═════ Entries provided ═════
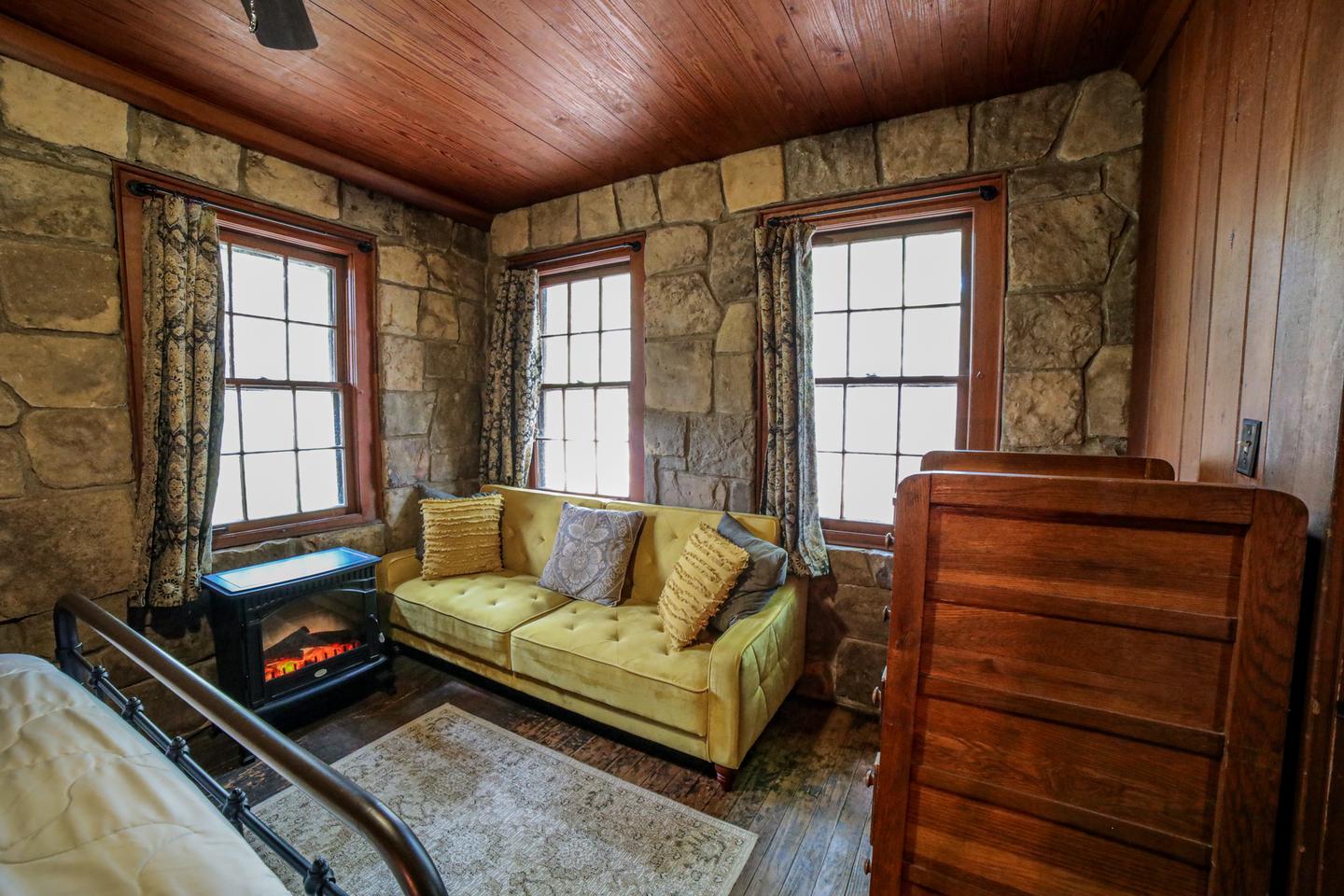 White Rock Mountain, Cabin C Bedroom with sofa and seasonal fireplace.Cabin C's Bedroom with sofa and seasonal fireplace.
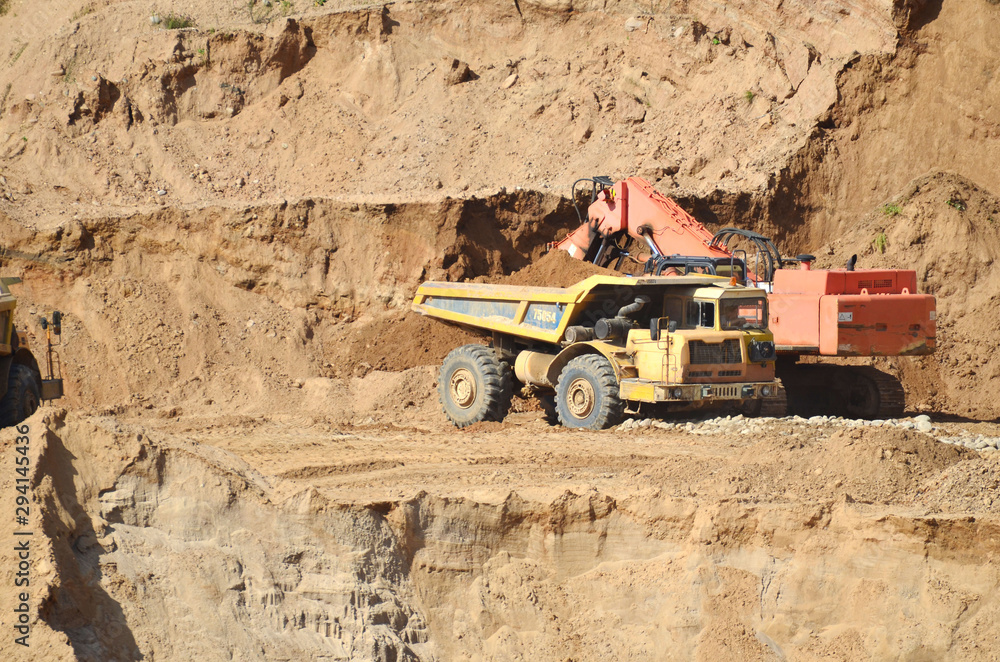 Excavator developing the sand on the opencast and loading it to the heavy dump truck. Processing of loose material in mining quarry. Drill, breaking, processing plant, crushing and screening - Image Excavator developing the sand on the opencast and loading it to the heavy dump truck. Processing of loose material in mining quarry. Drill, breaking, processing plant, crushing and screening - Image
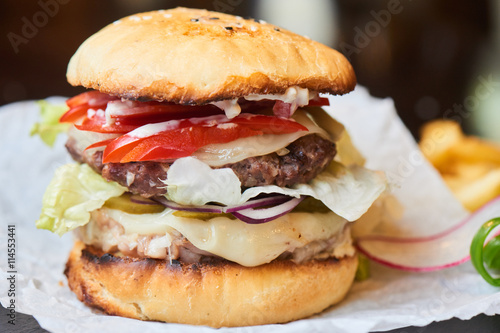 A hamburger consisting of meat patties, cheese and vegetables close up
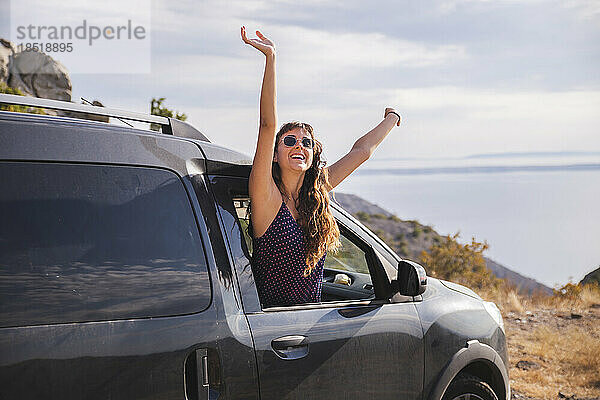 Fröhliche junge Frau lehnt mit erhobenen Armen aus dem Autofenster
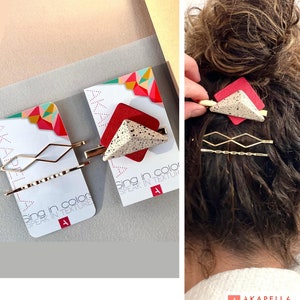Puede incluir: Accesorios para el cabello con diseños geométricos. Una horquilla tiene una base cuadrada roja con un triángulo moteado encima. Otra tiene un diseño en zigzag dorado. El texto "Sing in color SPEAK IN TEXTURE" es visible.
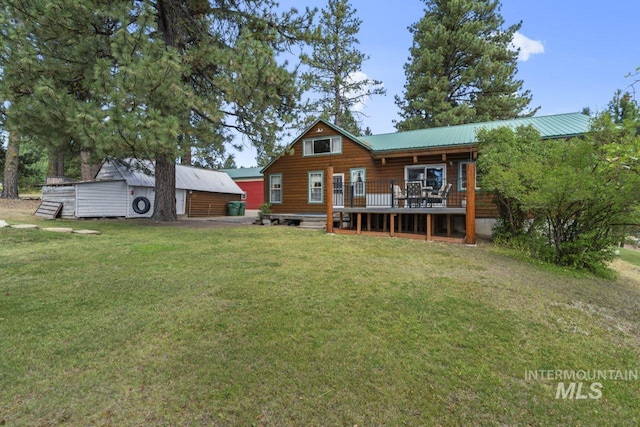 rear view of house with a lawn, a wooden deck, and metal roof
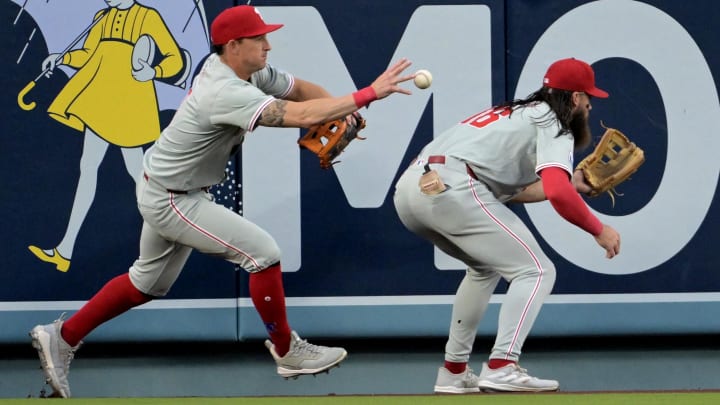 Aug 7, 2024; Los Angeles, California, USA;  Philadelphia Phillies right fielder Nick Castellanos (9) plays a double off the wall as left fielder Brandon Marsh (16) ducks out of the way hit by Los Angeles Dodgers left fielder Teoscar Hernandez (37) in the second inning at Dodger Stadium.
═════
What to work on => Write out, word for word, only the lines from the one containing "Puede incluir: Accesorios" to the end of the data above; the pictures stay out.

Output for this exercise =>
Puede incluir: Accesorios para el cabello con diseños geométricos. Una horquilla tiene una base cuadrada roja con un triángulo moteado encima. Otra tiene un diseño en zigzag dorado. El texto "Sing in color SPEAK IN TEXTURE" es visible.
 rear view of house with a lawn, a wooden deck, and metal roof
 Aug 7, 2024; Los Angeles, California, USA;  Philadelphia Phillies right fielder Nick Castellanos (9) plays a double off the wall as left fielder Brandon Marsh (16) ducks out of the way hit by Los Angeles Dodgers left fielder Teoscar Hernandez (37) in the second inning at Dodger Stadium.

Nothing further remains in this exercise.